** Opening RECORDS FOR THIS TASK block **

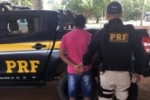 No Vale do Jamari, PRF prende dois foragidos e flagra homem com habilitação falsa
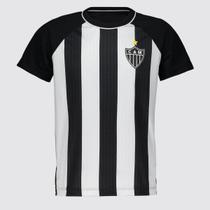 Camisa Atlético Mineiro Berro Infantil Preta Camisa Atlético Mineiro Berro Infantil Preta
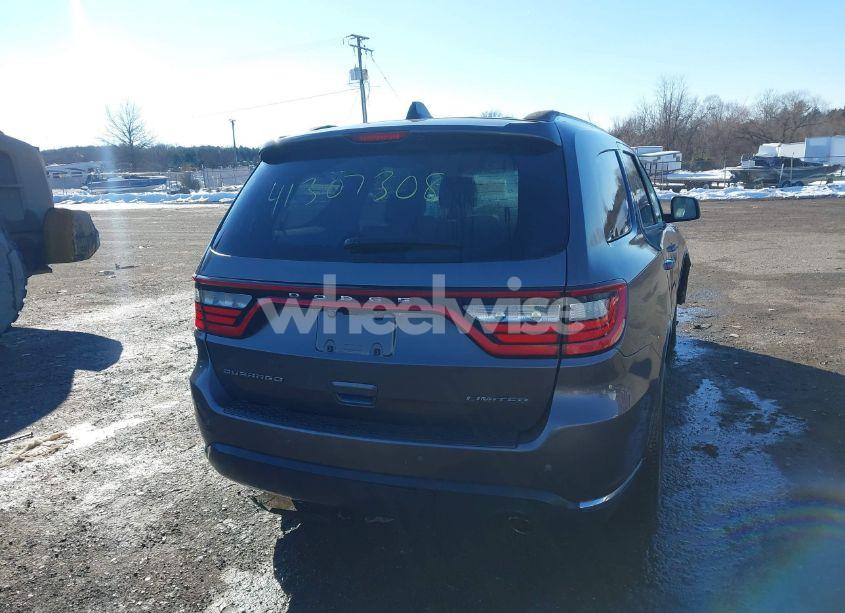 Photo 16 of 2016 Dodge Durango LIMITED (VIN 1C4RDHDG8GC373796)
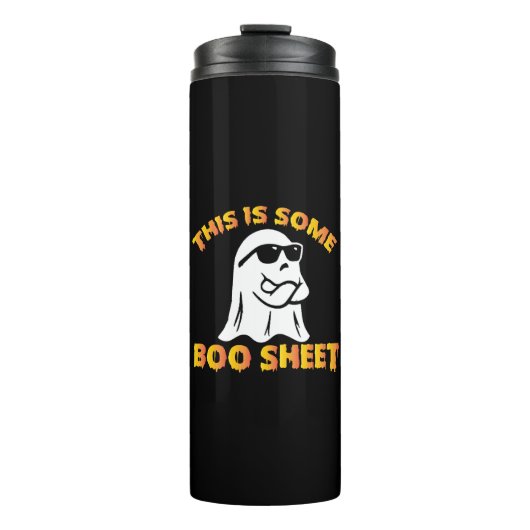 Bouteilles Isothermes C'est du papier de boo (Devant)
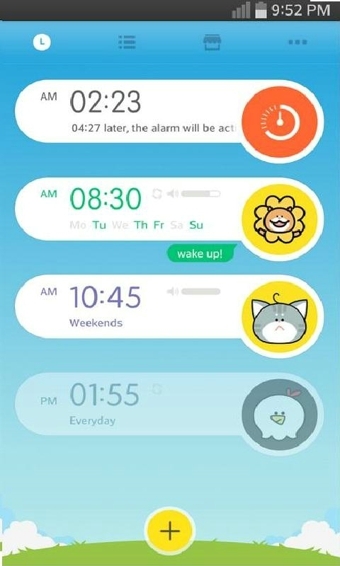 怪物鬧鐘下載(AlarmMon) v8.1.3 安卓版圖4
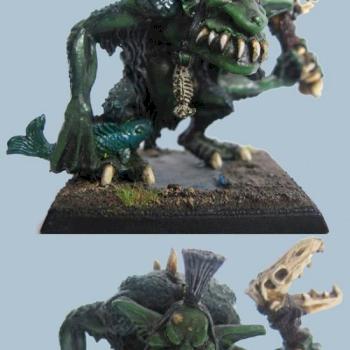 River Troll by zafal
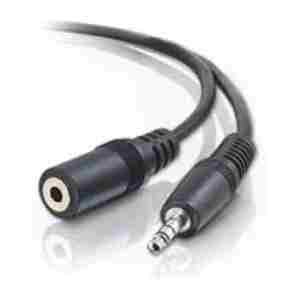 AUDIO KABEL E-GREEN 3.5MM - 3.5MM M/F 3M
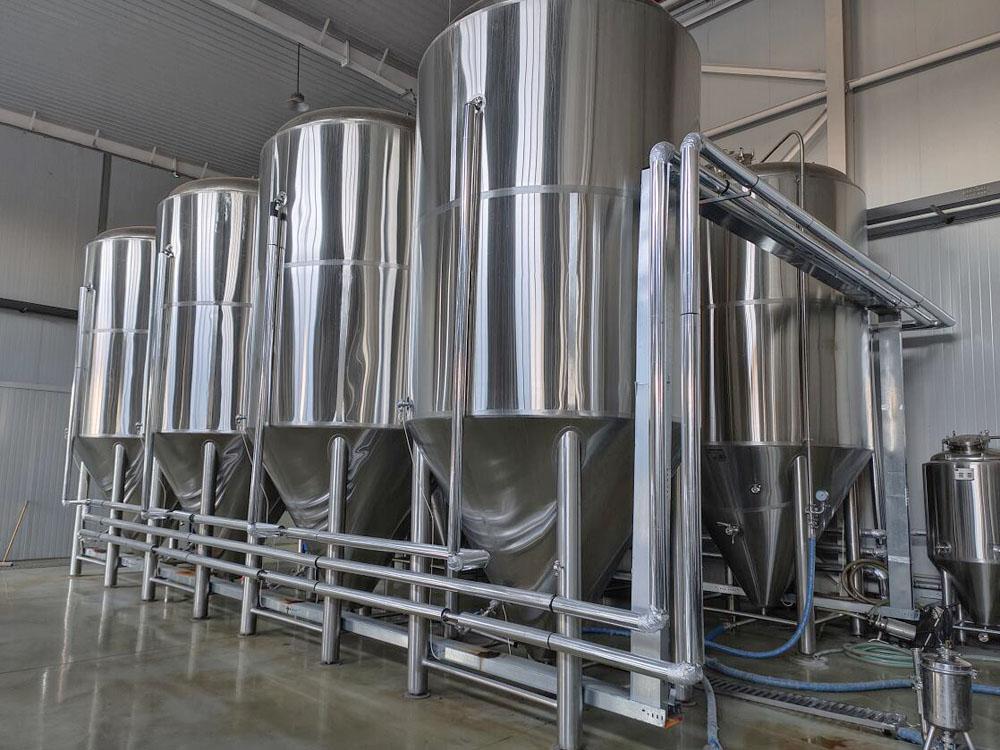 15,000KL Annual Production Brewery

** Closing RECORDS FOR THIS TASK block **

Reproduce exactly, and only, the part of the entries above that runs from the line with "Bouteilles Isothermes C'est" to the last line, both included. Pictures stay out.

 Bouteilles Isothermes C'est du papier de boo (Devant)
 怪物鬧鐘下載(AlarmMon) v8.1.3 安卓版圖4
 River Troll by zafal
 AUDIO KABEL E-GREEN 3.5MM - 3.5MM M/F 3M
 15,000KL Annual Production Brewery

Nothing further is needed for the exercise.